粒体自噬 神经酰胺 鞘脂 细胞生物学 下调和上调 生物 鞘氨醇 鞘氨醇激酶1 细胞生长 细胞周期检查点 细胞凋亡 癌症研究 细胞周期 1-磷酸鞘氨醇 自噬 生物化学 受体 基因
作者
Shweta Arora,Prithvi Singh,Gulnaz Tabassum,Ravins Dohare,Mansoor Ali Syed
出处
期刊:Free Radical Biology and Medicine [Elsevier BV]
卷期号:189: 71-84 被引量:40
标识
DOI:10.1016/j.freeradbiomed.2022.07.001
摘要

Sphingolipid metabolism is the forefront area of cancer research, but the underlying mechanisms are not fully explored yet. Sphingolipid metabolites [ceramide, sphingosine-1-phosphate (S1P)] are critical players in cell growth and apoptosis. Sphk1 is a key enzyme, catalyzing the phosphorylation of sphingosine to S1P, favoring cell proliferation and survival. Contrarily, ceramide induces cell cycle arrest and apoptosis. Sphk1 also exerts regulatory roles in numerous cellular processes, wherein microRNAs (miRNAs) play a momentous role. However, miR-mediated regulation of Sphk1 in Non-small cell lung cancer (NSCLC), continues to be elusive. miR-495 is highly downregulated and worsens NSCLC prognosis. The present study demonstrates Sphk1 upregulation and poor prognosis in NSCLC. However, miR-495–3p directly targets Sphk1, and possesses tumor-suppressive roles by decreasing cell proliferation, wound healing, colony formation, LDH-A activity, and inducing G0/G1 phase cell cycle arrest upon restoration.

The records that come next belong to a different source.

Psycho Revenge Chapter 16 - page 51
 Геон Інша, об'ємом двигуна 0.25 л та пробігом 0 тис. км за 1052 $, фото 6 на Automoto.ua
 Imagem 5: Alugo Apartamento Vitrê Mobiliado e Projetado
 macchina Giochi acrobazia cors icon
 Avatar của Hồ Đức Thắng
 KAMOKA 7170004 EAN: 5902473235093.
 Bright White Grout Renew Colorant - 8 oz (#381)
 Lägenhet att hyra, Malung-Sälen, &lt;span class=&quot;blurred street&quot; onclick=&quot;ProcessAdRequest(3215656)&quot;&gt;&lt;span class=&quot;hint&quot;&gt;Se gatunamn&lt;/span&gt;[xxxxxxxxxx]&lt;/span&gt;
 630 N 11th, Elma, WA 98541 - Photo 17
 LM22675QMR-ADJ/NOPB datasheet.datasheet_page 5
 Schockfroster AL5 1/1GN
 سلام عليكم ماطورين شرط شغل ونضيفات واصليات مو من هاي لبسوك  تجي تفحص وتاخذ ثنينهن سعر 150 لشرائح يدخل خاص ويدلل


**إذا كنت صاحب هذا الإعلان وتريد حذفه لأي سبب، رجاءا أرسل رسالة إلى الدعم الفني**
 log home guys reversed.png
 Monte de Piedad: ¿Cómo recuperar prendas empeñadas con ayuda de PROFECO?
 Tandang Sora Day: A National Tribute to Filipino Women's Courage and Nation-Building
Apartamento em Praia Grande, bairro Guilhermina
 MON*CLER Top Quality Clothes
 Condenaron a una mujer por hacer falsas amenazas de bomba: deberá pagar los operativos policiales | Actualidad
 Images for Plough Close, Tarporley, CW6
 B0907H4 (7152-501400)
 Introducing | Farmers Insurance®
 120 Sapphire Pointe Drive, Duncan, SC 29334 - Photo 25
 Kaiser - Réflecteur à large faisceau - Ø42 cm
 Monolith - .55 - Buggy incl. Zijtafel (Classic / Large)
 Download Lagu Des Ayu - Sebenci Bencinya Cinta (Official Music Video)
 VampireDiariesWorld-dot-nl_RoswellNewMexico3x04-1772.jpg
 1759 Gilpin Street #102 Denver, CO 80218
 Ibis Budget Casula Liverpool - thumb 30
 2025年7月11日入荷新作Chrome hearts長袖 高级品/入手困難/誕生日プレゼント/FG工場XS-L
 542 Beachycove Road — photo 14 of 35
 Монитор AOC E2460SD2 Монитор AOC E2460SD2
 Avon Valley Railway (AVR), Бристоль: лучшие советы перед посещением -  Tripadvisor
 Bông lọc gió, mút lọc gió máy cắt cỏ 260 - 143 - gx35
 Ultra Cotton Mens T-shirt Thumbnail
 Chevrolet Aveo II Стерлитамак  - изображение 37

Besides, we also found ceramide accretion upon Sphk1 inhibition, leading to mitochondrial dysregulation. We found a cogent upregulation of Drp-1, PARK2 and LC3β, along with degradation of PINK1 and Mfn2, demonstrating an imbalance in mitochondrial fission/fusion and induction of mitophagy, even during PINK1 deficiency. Later, we found a reduction in mitochondrial energy homeostasis, mitochondrial membrane potential, increased ROS generation and ultimately initiation of apoptosis, upon miR-495–3p overexpression. Overall, we showed that miR-495–3p reprograms sphingolipid rheostat towards ceramide by targeting Sphk1 and induces lethal mitophagy to suppress NSCLC tumorigenesis. The study identified a miR-mediated mechanism of sphingolipid reprogramming that could be beneficial in designing novel therapeutic strategies for NSCLC.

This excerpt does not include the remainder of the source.